EXERCISE REQUIREMENTS >> Retype exactly what appears below from the line containing "image for item" down to the line containing "Porsche Cayenne 白金限定版", keeping both end lines. Do not include pictures.

RECORDS FOR THIS TASK >>
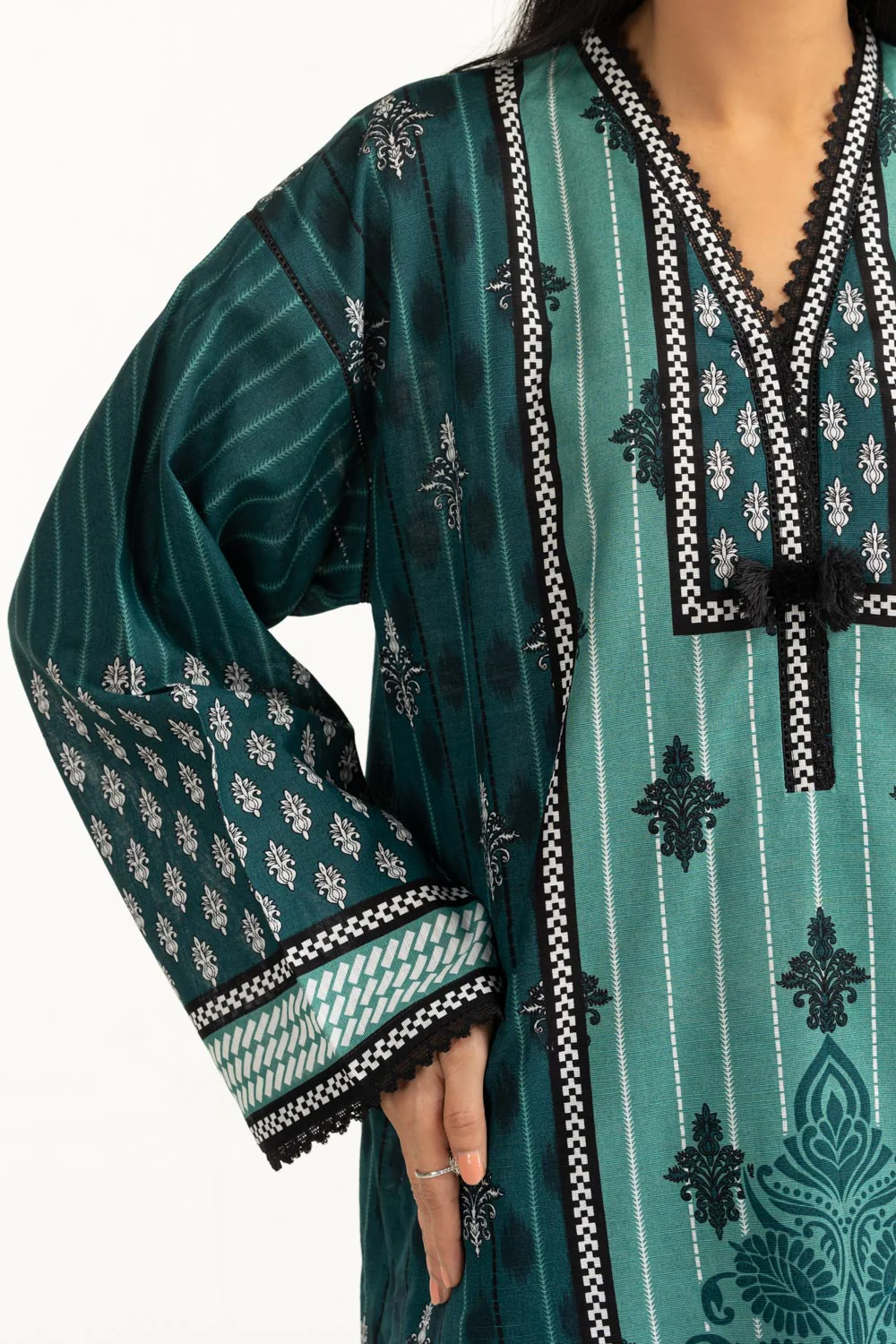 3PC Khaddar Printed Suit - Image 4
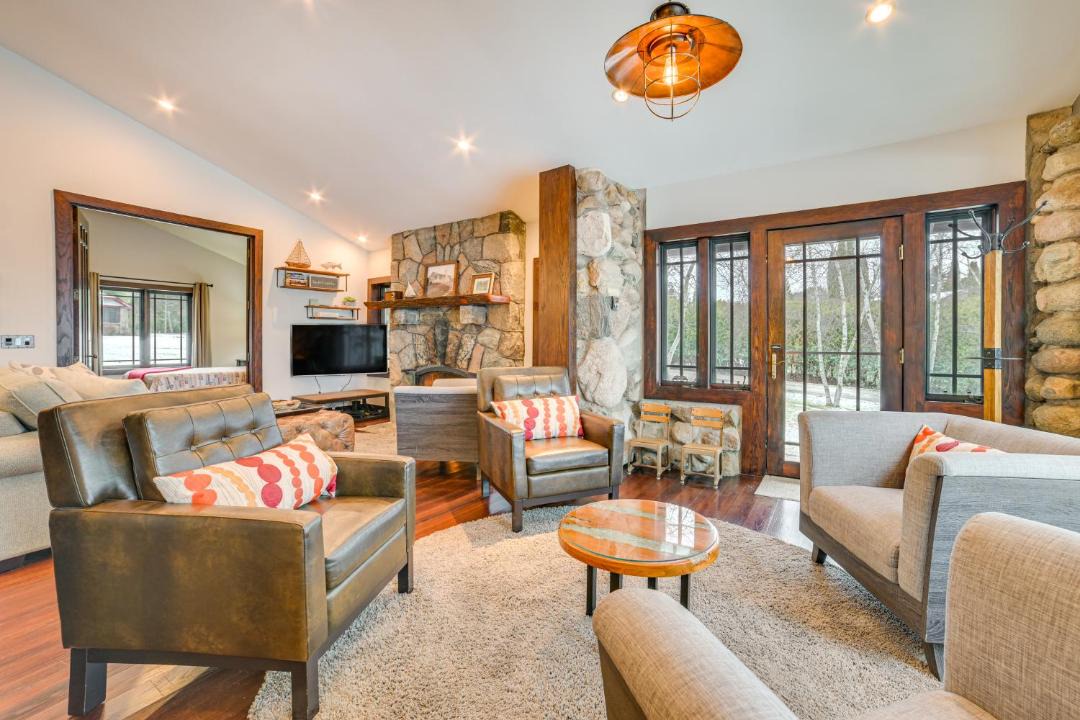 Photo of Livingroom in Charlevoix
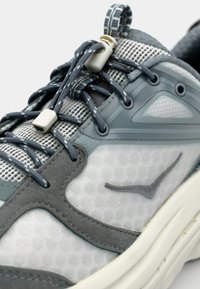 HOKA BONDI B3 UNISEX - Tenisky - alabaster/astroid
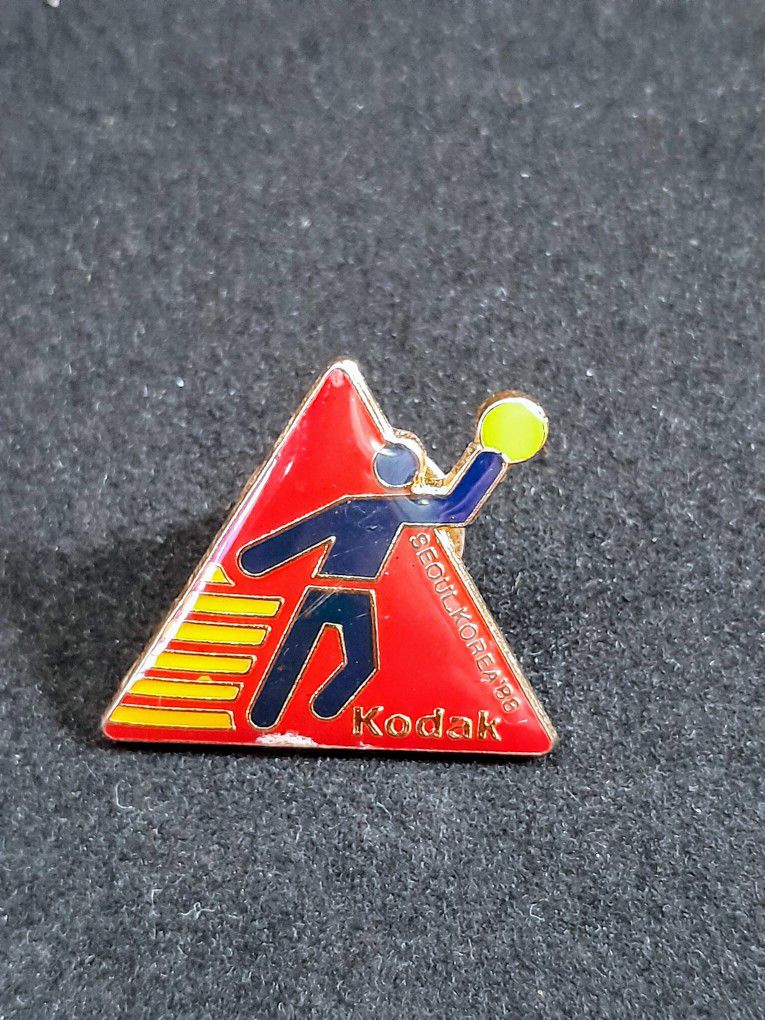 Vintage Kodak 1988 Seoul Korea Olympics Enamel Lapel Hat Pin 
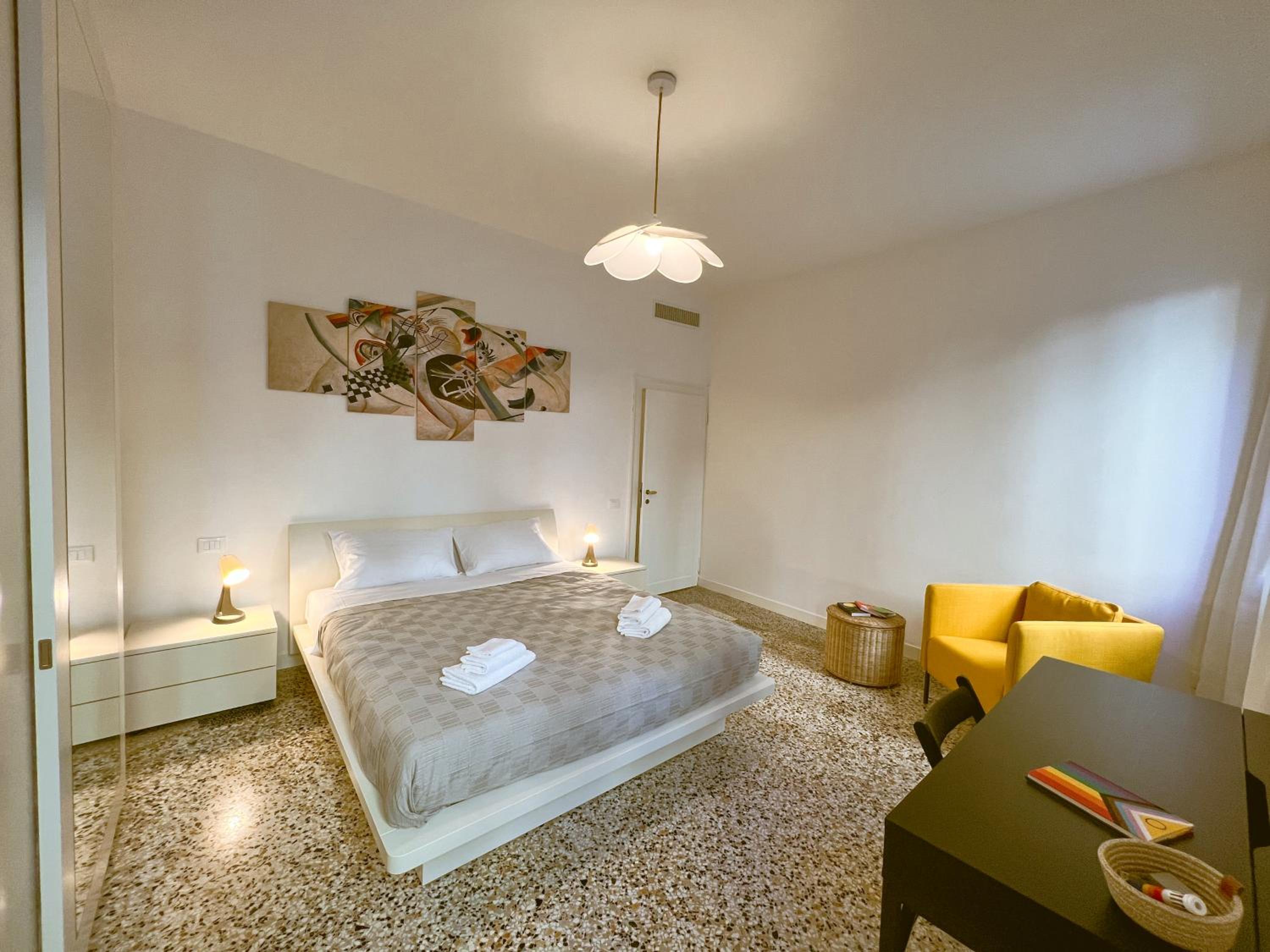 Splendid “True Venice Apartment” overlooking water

--

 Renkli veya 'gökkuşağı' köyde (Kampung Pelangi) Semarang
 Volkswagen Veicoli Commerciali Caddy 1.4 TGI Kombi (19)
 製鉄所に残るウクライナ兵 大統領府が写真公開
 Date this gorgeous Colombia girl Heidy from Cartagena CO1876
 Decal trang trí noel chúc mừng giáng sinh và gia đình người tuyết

---

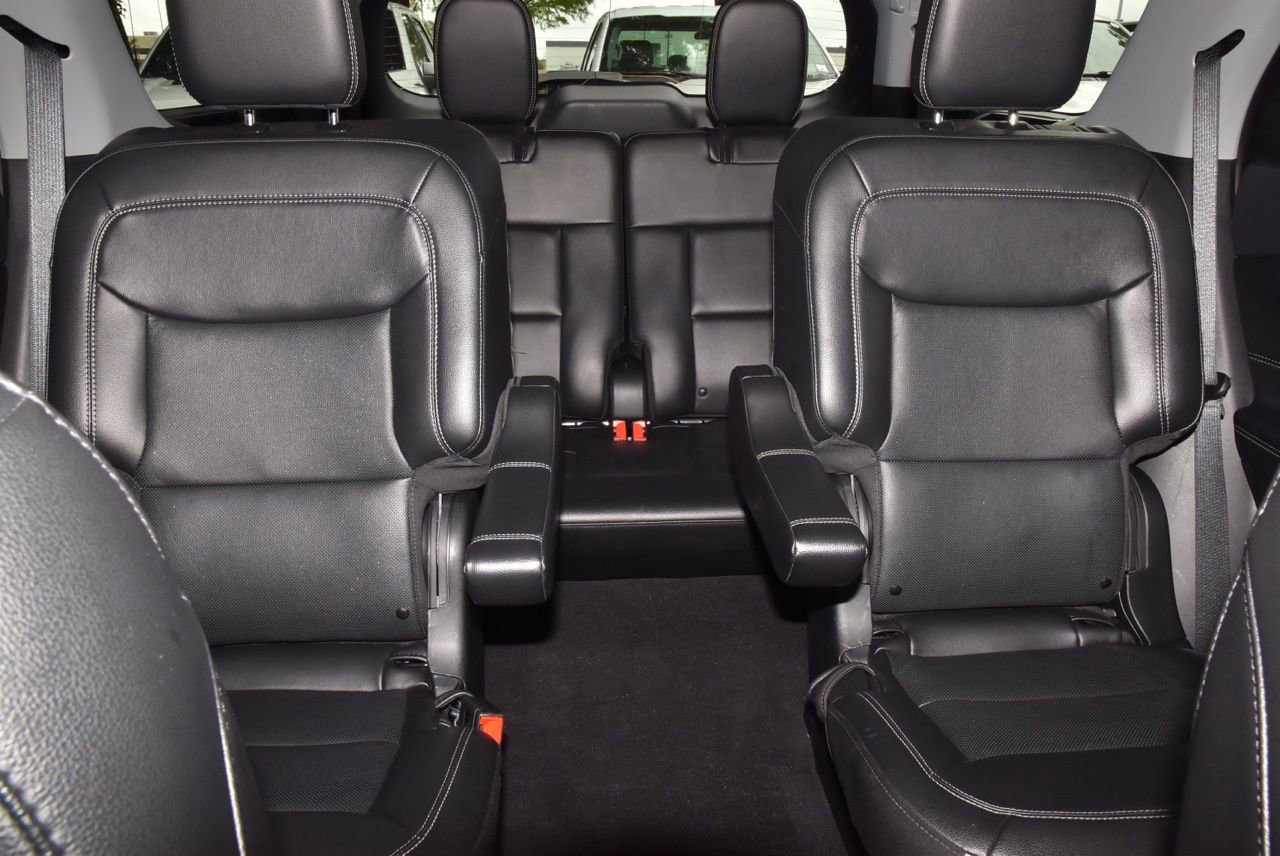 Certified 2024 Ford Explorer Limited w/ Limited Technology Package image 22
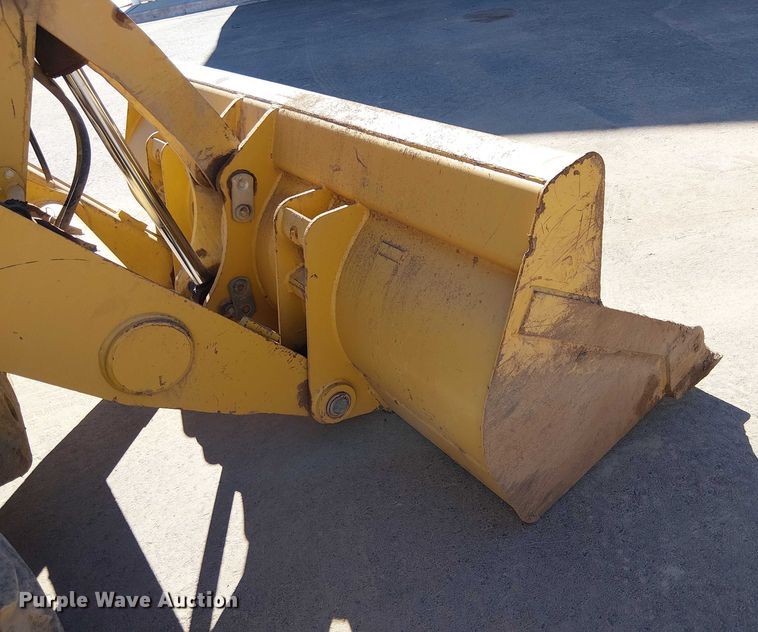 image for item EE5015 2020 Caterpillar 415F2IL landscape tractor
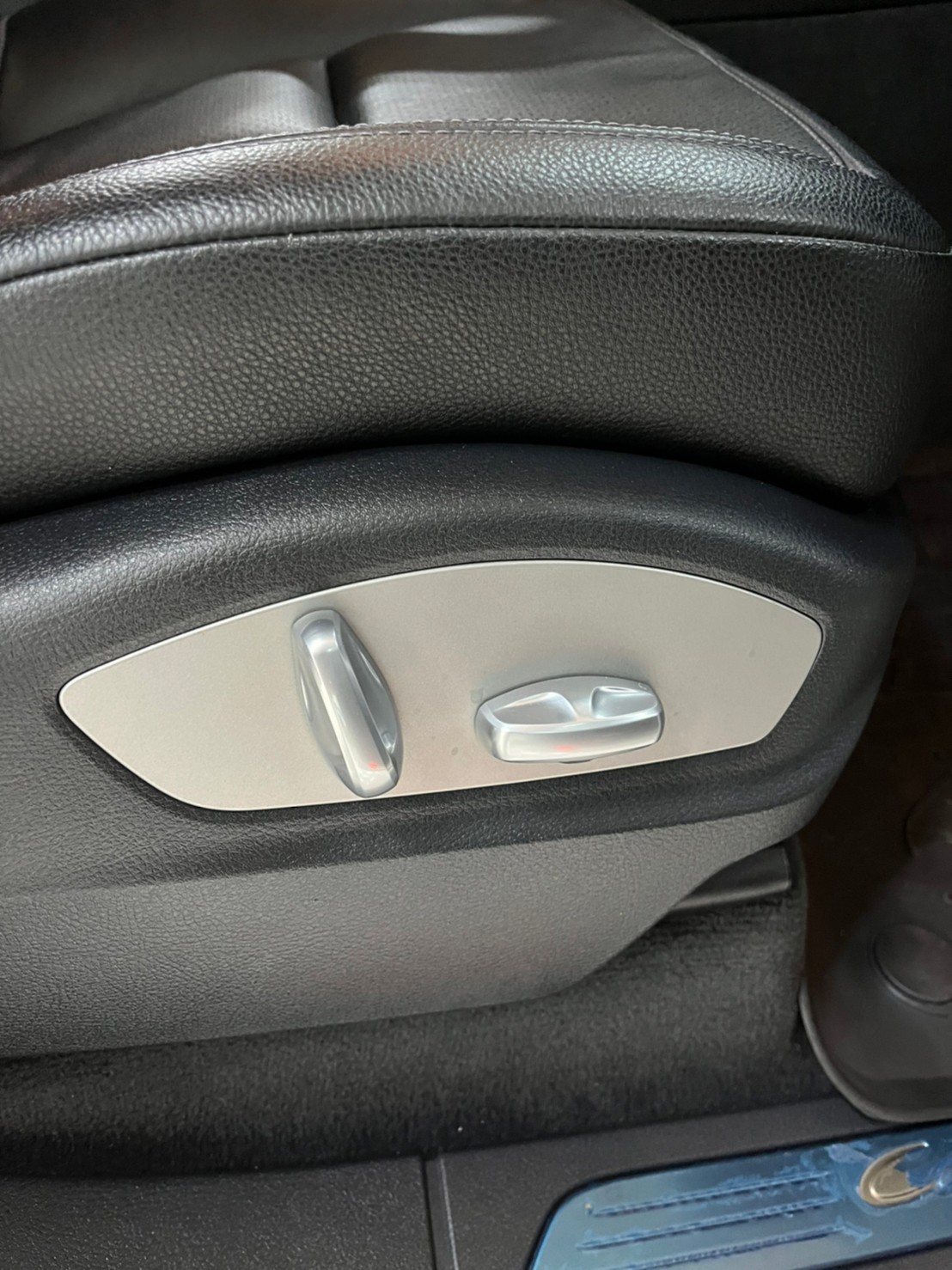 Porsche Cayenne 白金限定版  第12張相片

SOLUTION BELOW >>
 image for item EE5015 2020 Caterpillar 415F2IL landscape tractor
 Porsche Cayenne 白金限定版  第12張相片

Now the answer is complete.